Key Take-Aways from the 67th CFA Annual Conference: Part I

Gatis Roze

Gatis Roze

Author, Tensile Trading: The 10 Essential Stages of Stock Market Mastery

ImagesDuring my investment life, I’ve attended well over 100 different conferences and seminars.  The Chartered Financial Analysts four-day event in Seattle last week was the ‘gold standard’.  With over 1800 attendees, the CFA Institute brought together a stellar collection of speakers, including my former professor, William F. Sharpe, a Nobel Laureate in Economics.  There were far too many highlights to present a comprehensive review, but in the limited space here, I will share a few with the hope that you’ll investigate these items deeper on your own.


  1. The book mentioned most regularly at the conference was THINKING, FAST AND SLOW by Daniel Kahneman.
  2. A number of academic research papers have shown that investors have a 2:1 loss aversion ratio.  In other words, they feel twice as bad about losing a dollar as they do about winning a dollar.  This explains in part why markets turn down so quickly.
  3. One of the small group seminars I attended was focused on ‘personal branding’.  I came away with two definitions I liked very much:
        a. “The ability to deliberately use attributes that demonstrate your capability to manage the expectations one will receive from an encounter with you.” – Kaplan Mobray
        b. “Who you are, what you do, and why you do it.” – Michael Port
  4. You may very well succeed with an eccentric investing style, if you manage to make it your own and embrace only that one methodology.  The problems arise and performance deteriorates when you try to manage dichotomous strategies.
  5. At a global conference such as this, with an Australian sitting to my left, a South African to my right and a Czech economist, Tomas Sedlacek, up front on the podium, it quite clearly reminds me how global and challenging investing can be if you don’t find your own niche and focus.  By the way, the attendees raved about his book, Economics of Good and Evil.
  6. Stock market investors don’t do ‘gradual’ very well.  Their collective approach tends more towards ‘shock and jolt’ which explains why markets always move to extremes.
  7. Dr.

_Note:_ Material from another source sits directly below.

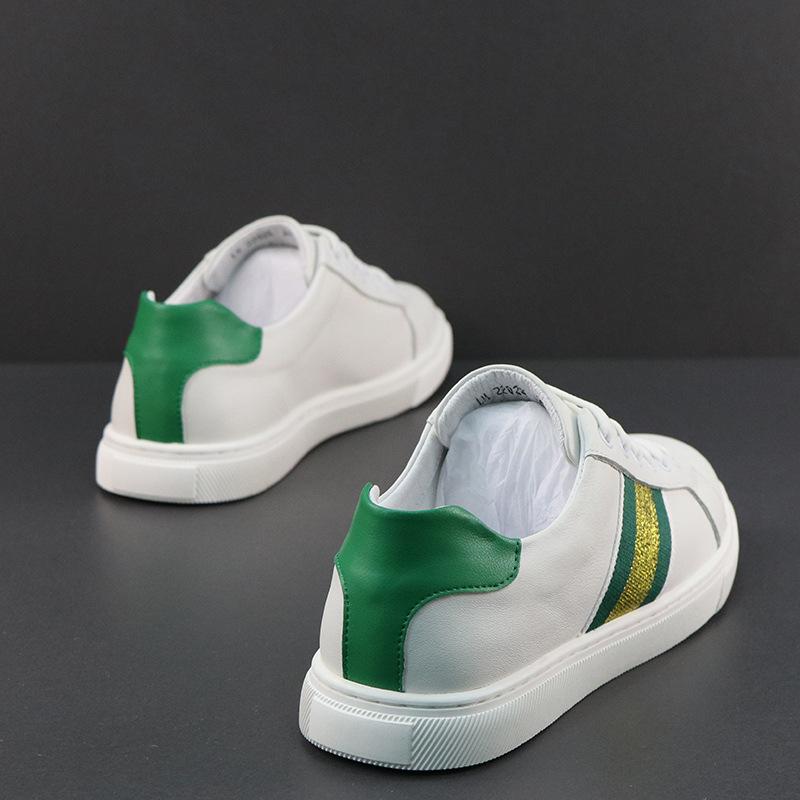 Shoes for Men Genuine Leather Casual Shoes Spring Green Striped Flat Skateboard Shoes White Leather Sneakers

William Sharpe spoke passionately about public pension programs.  He claims that according to top-tier actuaries, these programs have epic liabilities and are astronomically underfunded as a result of idiotic government accounting and crazy investments.  He is so concerned with what he referred to as a “bad setup and sick situation” that he has devoted his retirement to helping investors rescue their retirement via his non-profit website at RetirementIncomeScenarios.blogspot.com.
  8. One recurring theme I heard was that the best long-term managers ‘secret’ was to have a sustainable strategy that’s based on participating in up markets during bullish cycles and minimizing loses during the inevitable bearish cycles.  You essentially earn your stripes in downturns.  Their high net worth clients won’t fire them if they don’t outperform the market, but will do so if they lose money.  I relate to this as protecting your assets at all costs so you can fight another day.  Or as one attendee said, it’s more about protecting a lifestyle and being responsible to future generations rather than about maximizing returns.
  9. I liked this witty comment from one of the speakers who said that in these market times, we get the 100-year flood every 5 to 10 years.  During the days of calm waters, it’s important to strategize about meltdowns prior to the inevitable stormy waters ahead.
  10. One money manager’s definition of a win-win relationship is when he (the manager) performs well and also prevents his client from doing wrong.  Their corporate objective requires a good outcome on both fronts which all too often is very difficult to achieve.

In the near future, please look for Part II of this blog on the key take-aways from the CFA Conference.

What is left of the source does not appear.